■ TASK INPUTS
____

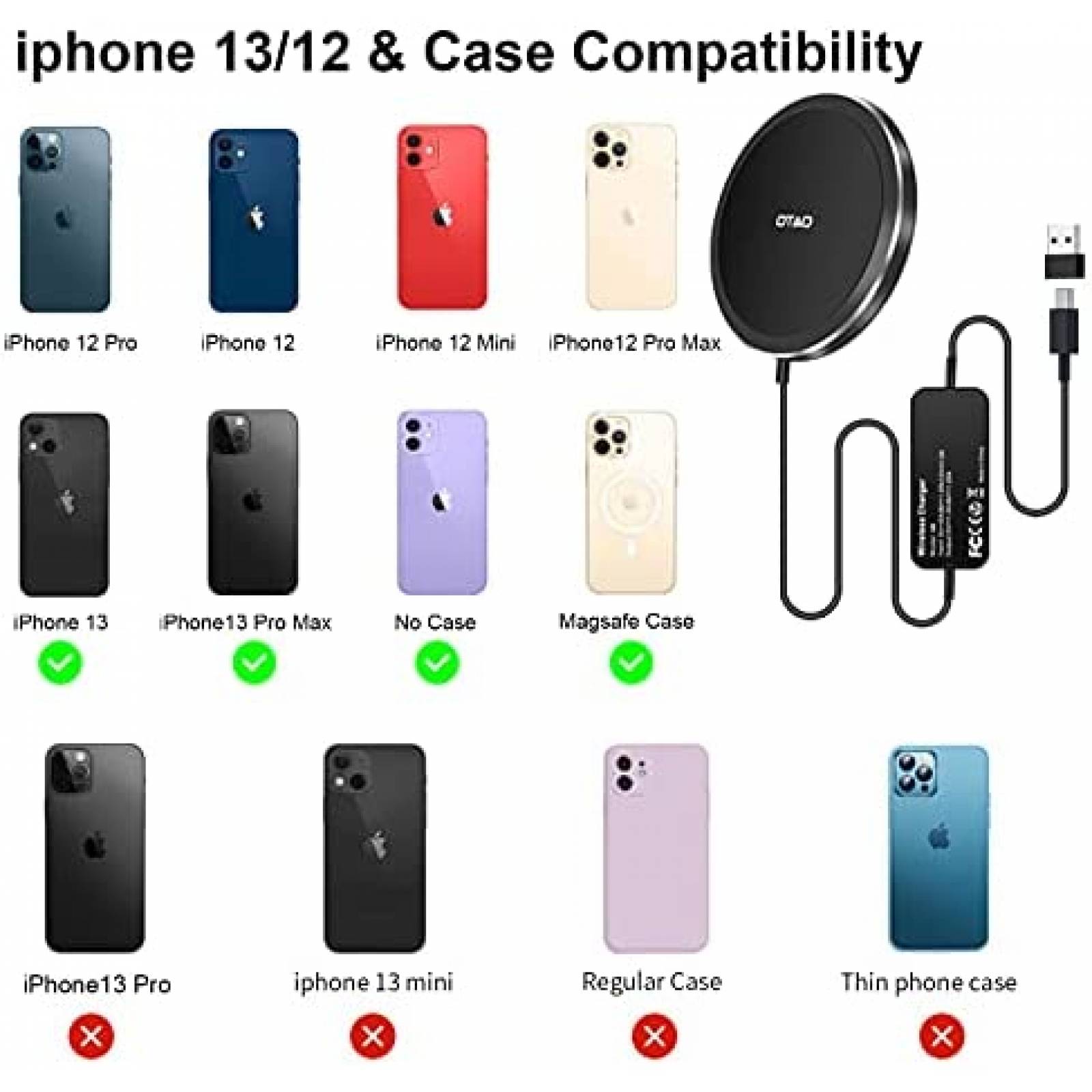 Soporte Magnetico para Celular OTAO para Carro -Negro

____

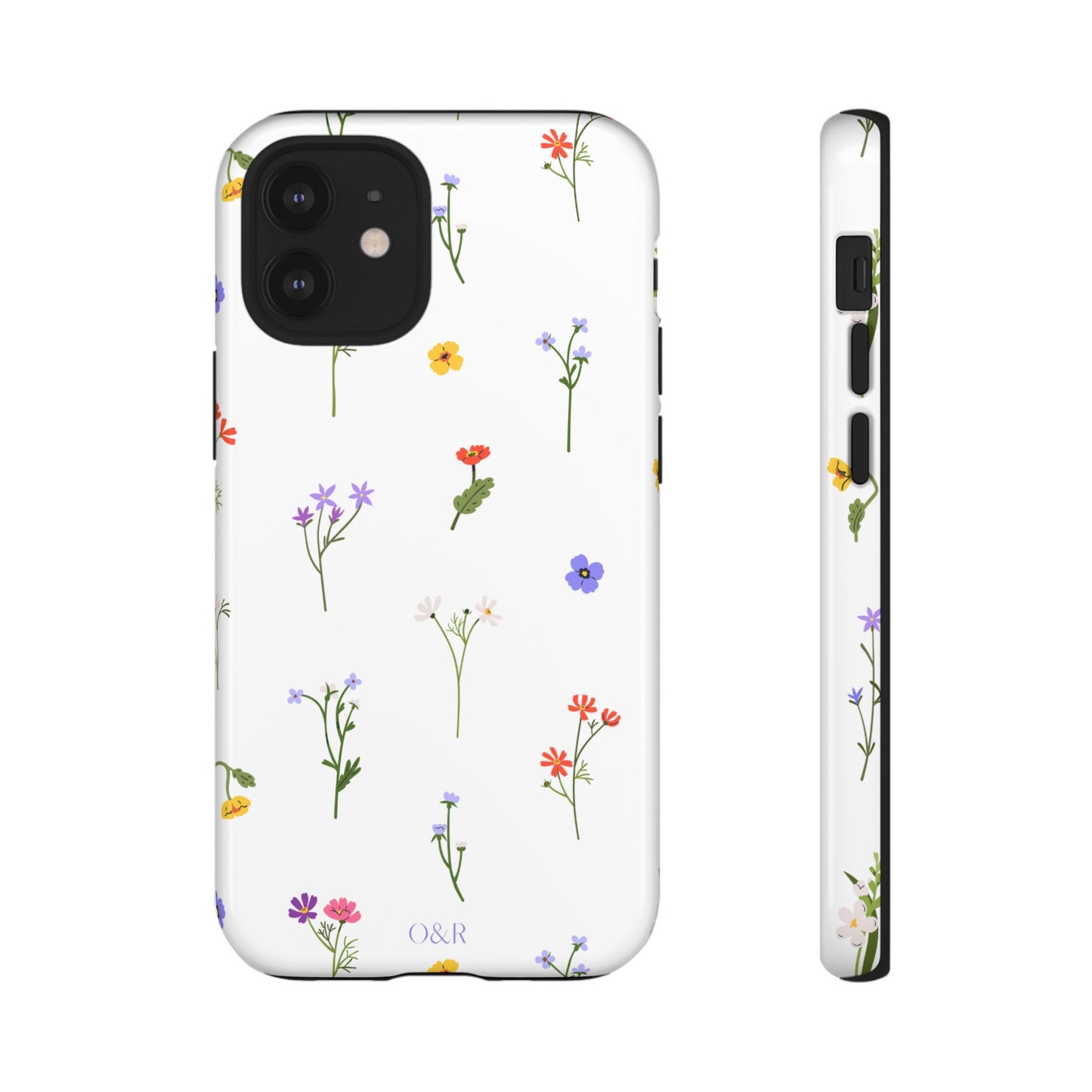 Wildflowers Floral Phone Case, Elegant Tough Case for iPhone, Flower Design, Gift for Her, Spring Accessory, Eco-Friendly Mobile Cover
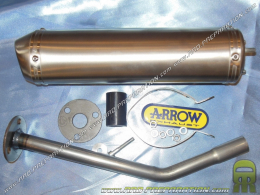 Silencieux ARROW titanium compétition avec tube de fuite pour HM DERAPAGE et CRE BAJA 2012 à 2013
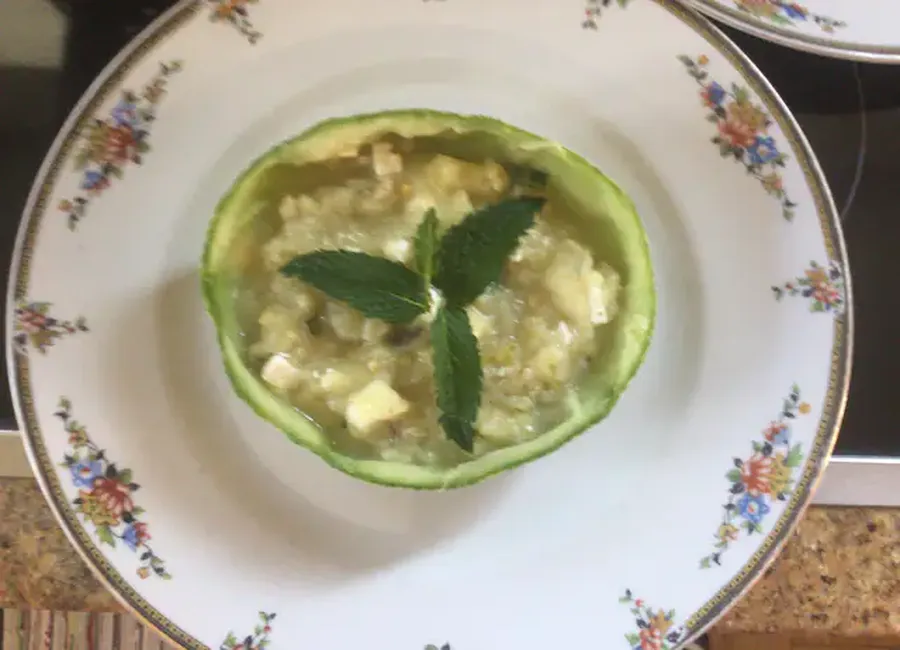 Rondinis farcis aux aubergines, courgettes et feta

____

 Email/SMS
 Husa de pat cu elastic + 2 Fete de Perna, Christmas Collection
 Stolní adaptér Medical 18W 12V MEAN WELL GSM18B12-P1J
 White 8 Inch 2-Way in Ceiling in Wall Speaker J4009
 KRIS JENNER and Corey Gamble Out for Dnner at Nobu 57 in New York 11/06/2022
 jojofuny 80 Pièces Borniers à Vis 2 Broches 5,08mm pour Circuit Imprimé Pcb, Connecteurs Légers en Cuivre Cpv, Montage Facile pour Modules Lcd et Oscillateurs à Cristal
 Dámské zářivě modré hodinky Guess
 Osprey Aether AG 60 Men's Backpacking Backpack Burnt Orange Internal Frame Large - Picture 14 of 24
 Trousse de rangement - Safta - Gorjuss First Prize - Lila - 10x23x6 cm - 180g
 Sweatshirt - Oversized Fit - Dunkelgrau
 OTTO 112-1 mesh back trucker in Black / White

____

■ THE TASK
Retype exactly, and only, the lines above from the one where "KRIS JENNER and" occurs up to and including the one where "OTTO 112-1 mesh" occurs.

■ EXERCISE RESPONSE
 KRIS JENNER and Corey Gamble Out for Dnner at Nobu 57 in New York 11/06/2022
 jojofuny 80 Pièces Borniers à Vis 2 Broches 5,08mm pour Circuit Imprimé Pcb, Connecteurs Légers en Cuivre Cpv, Montage Facile pour Modules Lcd et Oscillateurs à Cristal
 Dámské zářivě modré hodinky Guess
 Osprey Aether AG 60 Men's Backpacking Backpack Burnt Orange Internal Frame Large - Picture 14 of 24
 Trousse de rangement - Safta - Gorjuss First Prize - Lila - 10x23x6 cm - 180g
 Sweatshirt - Oversized Fit - Dunkelgrau
 OTTO 112-1 mesh back trucker in Black / White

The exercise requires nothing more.